It was in the defence of Amiens on March 26, 1918 the British were in a state of rout when German troops fell on the British force and overwhelmed it within hours.
Newly appointed General of the Australian third division, General Monash was sent to Montigny where the British High Command were glad to see him. While Monash was being briefed on the tactical situation, Australian soldiers were already moving to the front line. The refugees, going in the opposite direction of the battle, sighted the Australians and all at once their confidence grew and they began to unload their carts or return home. One villager told the advancing Australians, “You will hold them.”
Monash spent most of the night telephoning his orders and organising transport for his troops. One of the retreating British soldiers shouted to the Australian soldiers who were climbing onto buses, “You’re going the wrong way Digger!”

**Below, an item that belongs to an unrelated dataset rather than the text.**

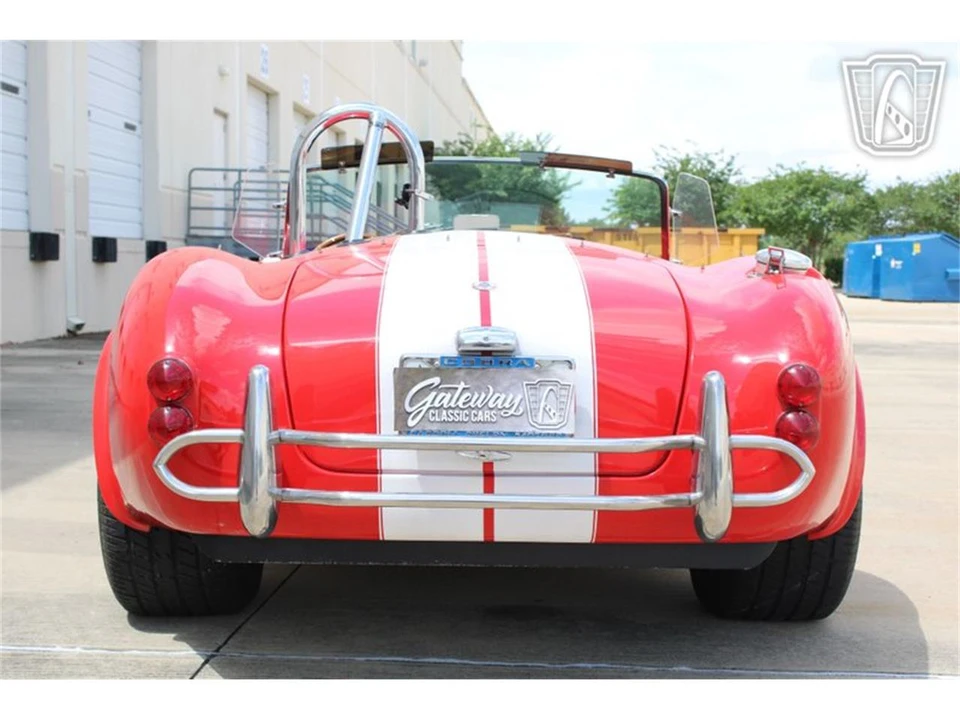 1965 Shelby Cobra 289 - Image 10 of 31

The second, third and fifth divisions were now taking up positions in the vicinity of Villers-Bretonneux, a name which reverberates far into present time. Villers-Bretonneux still observes Anzac Day each year with a salute to the Australian flag and laying of wreaths at the Great Australian Cemetery. The town’s schoolrooms bear the simple message on the wall, “N’oubliez jamais l’Australie,” (Never forget Australia).
Stories and poems have been written about “the war to end all wars”, but the battlefields saw not one of glamour, heroics and manly pride, it was butchery where rivers of blood destroyed the romance of battle. Australians were by nature peace loving. They were mistakenly thought by the British standards as undisciplined and lacking the fortitude in battle; the British were yet to discover their estimation was wrong.
By the end of 1918, the standing of the Aussie soldier, airman and sailor was of high praise. For a country with less than 5 million people, they were seen to be 'punching above their weight’ and were the only country to not introduce conscription. They were all volunteers. We salute those men and women who did their duty so bravely so long ago.